女子大って、こーゆー感じで騒がしかったよなぁと読んでいて大昔のことを思い出したよん(⌒~⌒)
第一戦を山本由伸でオリが取れなければ阪神が日本一という予想を見たが、去年のヤクルトとの日本
シリーズもほぼ全ての評論家が同様の予想をし山本由伸で初戦を落としたけどオリが日本一に(^_^;)

【読んだ本】

麻生磯次(訳注)『現代語訳対照 奥の細道 他四編』(旺文社文庫,1970)所蔵本
富山奏(校注)『新潮日本古典集成 芭蕉文集』(新潮社,1978)所蔵本

麻生・前掲書から『鹿島紀行』の本文の最終段落(その後には句が並んでる)を訳も併せて引くが、
繰り返し符号は用いない(^_^;)

    ・・・/月のひかり、雨の音、ただあはれなるけしきのみむねにみちて、いふべき
    ことの葉もなし。はるばると月みにきたるかひなきこそほゐなきわざなれ。かの
    何がしの女すら、郭公[ほととぎす]の歌得よまでかへりわづらひしも、我ためには
    よき荷担の人ならむかし。/

     ・・・/月の光がもれるかと思うと、また雨がはらはらと落ちて、しみじみと心を
     動かされる景色に胸がいっぱいになり、口に出すことばもない。こんな有様では、
     はるばるここまで月見に来た甲斐もないのが残念至極である。しかし清少納言でさえ、
     ほととぎすを聞きに行きながら、その歌をよむことができないで、帰るのに困った
     ということだが、今の私にとっては、よい仲間のように思われる。

「『枕草子』八十三段[ママ]に、加茂[ママ]の奥にほととぎすを聞きに行ったが、事に紛れて歌
をよむことができなかったという話がある。」という脚注や上記訳文は問題ないと思うけど、原文の
「歌得よまでかへりわづらひし」(=歌をよむことができないで、帰るのに困った)は疑問(@_@;)

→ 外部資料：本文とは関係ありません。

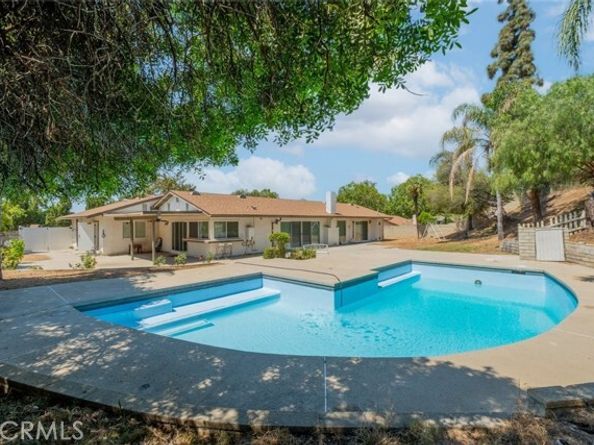 19941 Hiawatha Street, Chatsworth (los Angeles) CA 91311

本書の『鹿島詣』も、頭注で「清少納言が、賀茂の奥にほととぎすを聞きに出かけたが、他の事柄に
とりまぎれて、ほととぎすの歌を一首も詠むことができぬままに帰るのを気にした話が『枕草子』に
ある。」とし、次に引いた傍注の訳も正しいと思うんだけど、原文の当該部分は不審である(@_@;)

    ・・・え詠まで帰りわづらひしも、・・・

     詠むことができずに帰るのを気に病んだのも

「気にした」と「気に病んだ」は同義(心配するの意)にも取れるが、程度が違うと解しておくし、
また萩谷朴の清少納言理解によると「気にした」というのも考え難いけど、今回は論じない(@_@;)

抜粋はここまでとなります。